録音・トリミング・ミキシング - ブラウザだけで音声素材を仕上げる
マイクやブラウザ音声で素材を録音し、トリミング・整音し、複数トラックをミキサーに並べてWAVに書き出すまでの一連の流れを、なまずサンプラー/ミキサーで通して追えます。録って終わりにせず、曲に仕上げるところまでがゴールです。

録音素材は、録った時点では完成ではありません。入力許可を確認し、無音をトリムし、音量の余白を作り、Pan・EQ・Reverbを必要な順番で加えてからWAVへまとめます。この記事ではサンプラーからミキサーまでを一続きの作業として説明します。
マイク、タブ音声、ファイル読込
マイクは周囲の音を含む実時間入力、タブ音声は対応ブラウザで共有したページの出力、ファイル読込は手元にある音声のデコードです。最初に10秒程度のテストを録り、波形、左右、ノイズ、入力レベルを確認します。タブ音声とマイクの同時取得可否はOSとブラウザで異なります。
録音権限とプライバシー
マイクと画面共有はブラウザの許可後にだけ開始します。録音内容はブラウザ内で処理されますが、終了後はマイクや画面共有の使用中表示まで閉じたことを確かめます。機密会話や第三者の音声を録る場合は、権利と同意を得てから扱います。
トリムと無音部分
波形を拡大し、必要な立ち上がりを切らない位置へTrim Startを置き、余韻が消えた後へTrim Endを置きます。
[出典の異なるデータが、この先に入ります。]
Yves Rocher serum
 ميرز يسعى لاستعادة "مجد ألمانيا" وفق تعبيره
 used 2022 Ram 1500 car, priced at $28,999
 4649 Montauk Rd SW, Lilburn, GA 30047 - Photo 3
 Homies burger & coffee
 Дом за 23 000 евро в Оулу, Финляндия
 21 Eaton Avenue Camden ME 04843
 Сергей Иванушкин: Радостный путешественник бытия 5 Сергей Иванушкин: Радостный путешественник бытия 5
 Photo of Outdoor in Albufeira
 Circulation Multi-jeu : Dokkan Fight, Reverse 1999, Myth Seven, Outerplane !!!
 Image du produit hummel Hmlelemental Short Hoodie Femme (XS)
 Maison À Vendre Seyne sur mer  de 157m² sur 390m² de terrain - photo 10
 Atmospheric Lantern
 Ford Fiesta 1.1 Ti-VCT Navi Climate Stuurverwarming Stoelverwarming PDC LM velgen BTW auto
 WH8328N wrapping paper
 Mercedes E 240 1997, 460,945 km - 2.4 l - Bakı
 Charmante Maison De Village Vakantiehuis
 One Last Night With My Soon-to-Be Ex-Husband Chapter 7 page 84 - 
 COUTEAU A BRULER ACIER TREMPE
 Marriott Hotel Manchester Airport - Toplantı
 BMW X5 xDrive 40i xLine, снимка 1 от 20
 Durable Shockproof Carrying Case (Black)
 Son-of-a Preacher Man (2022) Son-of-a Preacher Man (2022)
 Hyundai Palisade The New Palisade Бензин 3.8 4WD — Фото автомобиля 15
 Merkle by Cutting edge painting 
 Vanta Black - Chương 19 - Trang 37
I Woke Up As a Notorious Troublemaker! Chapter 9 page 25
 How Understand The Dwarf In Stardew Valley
子音や打音は開始直前を切りすぎると輪郭が失われます。末尾の長い無音はループ周期とミックス位置をずらすため、意図がなければ除きます。
クリップを避ける音量調整
各素材を単体で最大にせず、小さめのGainから重ねます。複数トラックが同時に鳴ると振幅が加算されるため、単体で割れていなくてもマスターでクリップします。ピークだけでなく、同時発音が多い区間を再生して余白を確認します。
パン、EQ、リバーブ
最初にVolume、次にPan、必要な場合だけEQ、最後にReverb Sendの順で調整します。EQは良い音を足す操作ではなく、重なる帯域を減らす目的から始めます。Reverb Sendは原音を残して残響へ送る量なので、全トラックを同じ量にせず、前後関係を聞きながら決めます。
ミックスを書き出す前の確認
先頭と末尾、トラックが最も重なる区間、Mute/Solo解除、Fade、マスター音量を確認します。ヘッドホンと端末スピーカーの両方で小音量再生し、左右へ寄りすぎた要素や聞こえなくなる要素を探します。WAV書き出し後はファイルを新規に開き、タイムライン再生と同じ内容か確認します。
要点
トリム、Volume、Pan、EQ、Reverbの順を守ると、原因を一つずつ追えます。加工前素材と完成WAVを分けて残します。